Your assignment:
Write out only the lines from the start of the entries up to and including the line with "um quarto com"; please skip the pictures.

[Brief descriptive captions]
· · ·

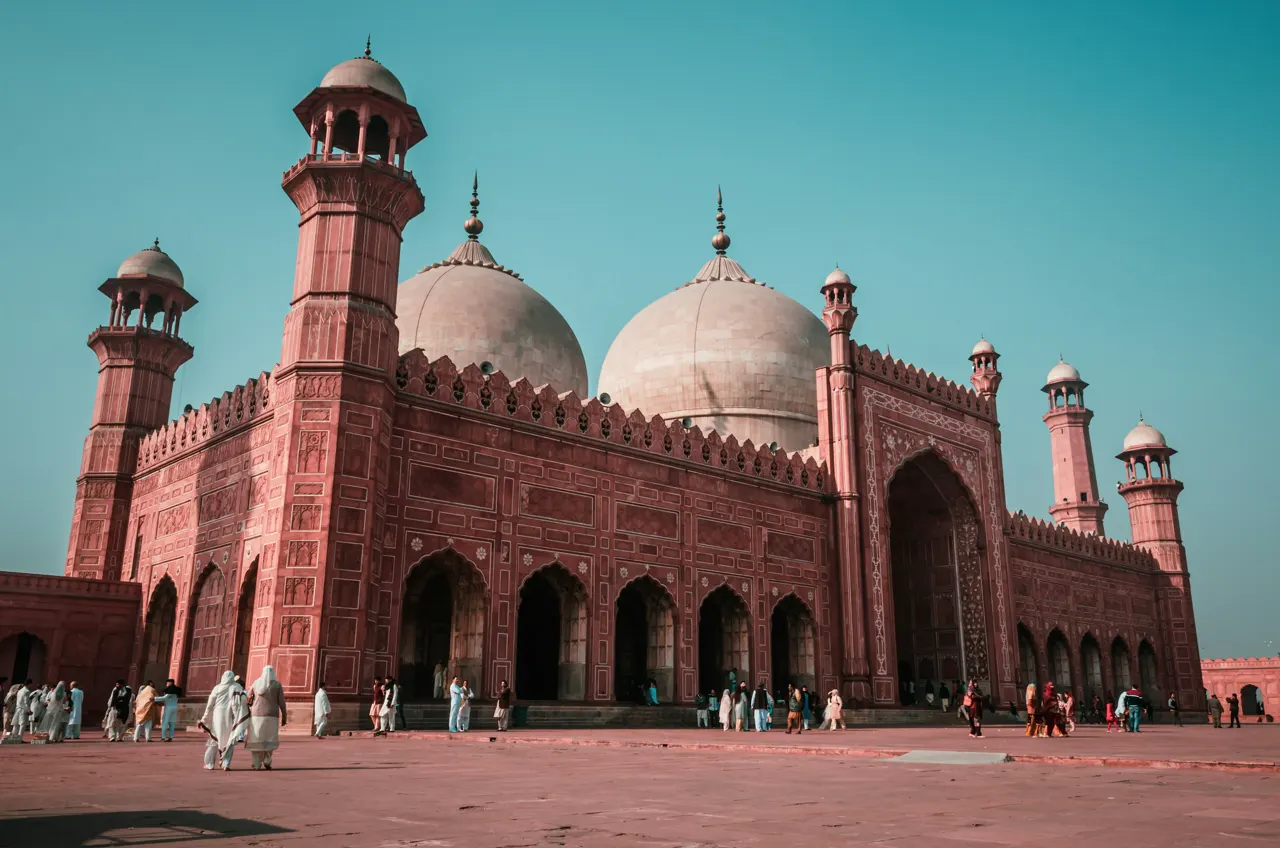 The Badshahi Mosque with red sandstone walls and white domes in Lahore, Pakistan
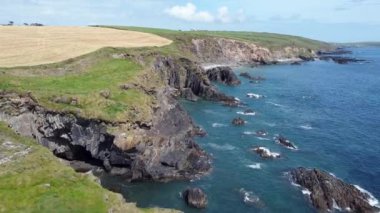Üzerinde yeşil bir tepe olan kayalık bir uçurum manzarası. Uçurumun önünde açık mavi bir deniz ve yukarıda mavi bir gökyüzü var..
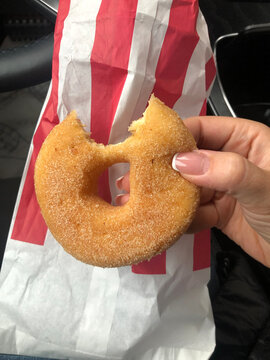 Bitten doughnut and paper bag. eating in a car. Fast food concept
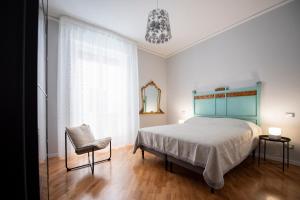 um quarto com uma cama, uma cadeira e uma janela em Laurus apartments em Trapani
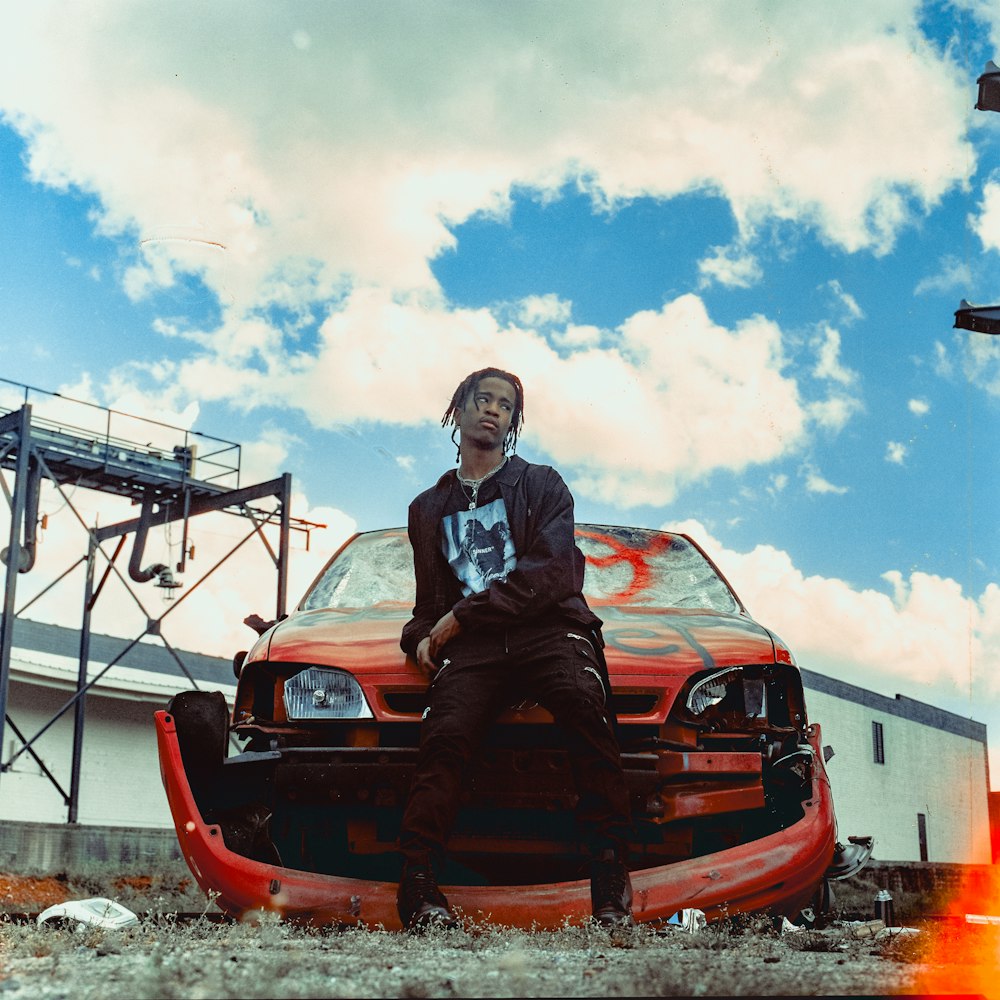 man in black jacket sitting on red car hood during daytime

· · ·

Problem solution:
 The Badshahi Mosque with red sandstone walls and white domes in Lahore, Pakistan
Üzerinde yeşil bir tepe olan kayalık bir uçurum manzarası. Uçurumun önünde açık mavi bir deniz ve yukarıda mavi bir gökyüzü var..
 Bitten doughnut and paper bag. eating in a car. Fast food concept
 um quarto com uma cama, uma cadeira e uma janela em Laurus apartments em Trapani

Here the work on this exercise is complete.